Diğer davetiyeleri dağıtırken partiye kapatma davası açıldığını duymuş ve bütün heyecanımız birden sönüvermişti. Öyle ya bundan önce de inanan insanlar için azıcık bir şeyler talep eden üç parti daha kapatılmış; kapısına kilit vurulmaya çalışılmıştı. Ancak insanımız her defasında bir çıkış yolu bulmayı başarmıştı. Bunun sonucu kapatılan partisinin bir takım mensupları daha liberal fikirlerle bu partiyi kurmuş ama inanç üzerindeki prangalar iktidarı boyunca kalpleri sıkıştırmaya devam etmişti. Fırsatını bulduğunda görece özgürlük sağlayabilecek bir iki değişiklik derin güçleri yeni tedbirler almaya itti.
Ne olacak yani demokrasi içinde insanımıza bir çıkış yolu yok mu? Herkese özgürlük denilirken inanan insanlara özgürlük neden çok görülüyor? Ateistler ve marjinal gruplar anayasa gereği din eğitimini hem AİHM’nde hem de Danıştay’da iptal ettirebiliyorlar ama çoğunluk 15 yaşına kadar din eğitiminden mahrum bırakılabiliyorsa buna özgürlük denilebilir mi?
411 milletvekilinin evet oyu için kaos diyenler ülkeyi 140 kişinin mi yönetmesini mi istiyorlar yoksa…

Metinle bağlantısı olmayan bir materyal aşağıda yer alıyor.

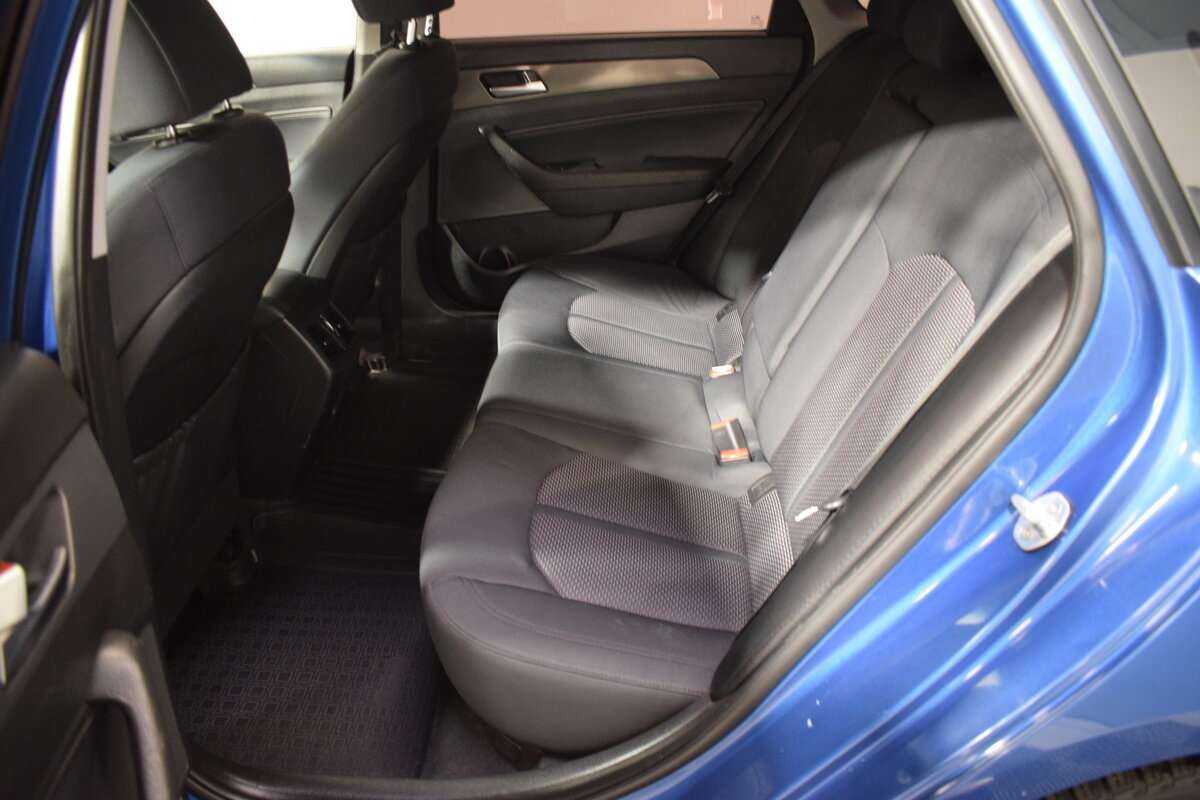Купить Hyundai Sonata с пробегом. Фото: #9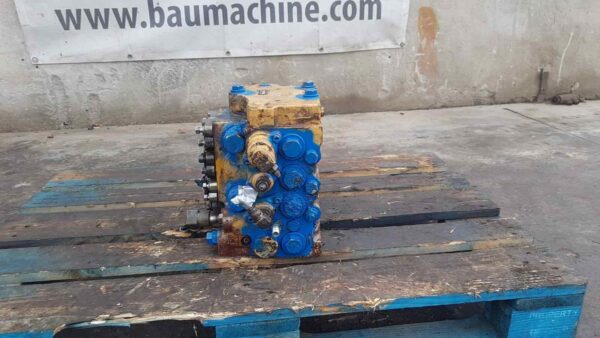 Distribuitor Hidraulic Komatsu E63582055B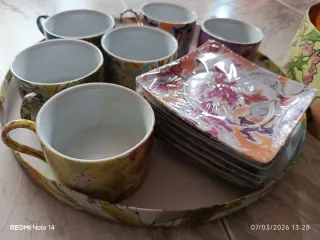 Juego 6 tazas y platos decorados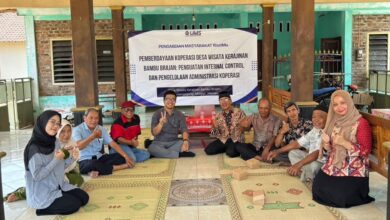 Tim dosen UMS dan pengurus Koperasi Desa Wisata Kerajinan Bambu Brajan berfoto bersama saat kegiatan pelatihan pengendalian internal.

411 oyu boş ve keenlemyekun sayanlar bir savcının mütalaasını mı kale alıyorlar? Bu mu demokrasi…
Bu ülkenin cumhurbaşkanını bile yasaklayanlar neyi istediklerini düşünüyorlar mı acaba?
Velhasıl sorular uzatılabilir ama içim sıkılıyor, yazmak gelmiyor içimden. Türkiye’yi demokratik haklar bakımından sondan birinci duruma düşürenlerin hiç mi içi sızlamaz bundan…
Ne demiş atalarımız “hasmı kadı olanın yardımcısı Allah olsun”…
Not: Derneğimizin 23 Mart 2008 Pazar günü 13,00- 18,00 saatleri arasında genel kurulu vardır. Online davetiye için lütfen tıklayınız…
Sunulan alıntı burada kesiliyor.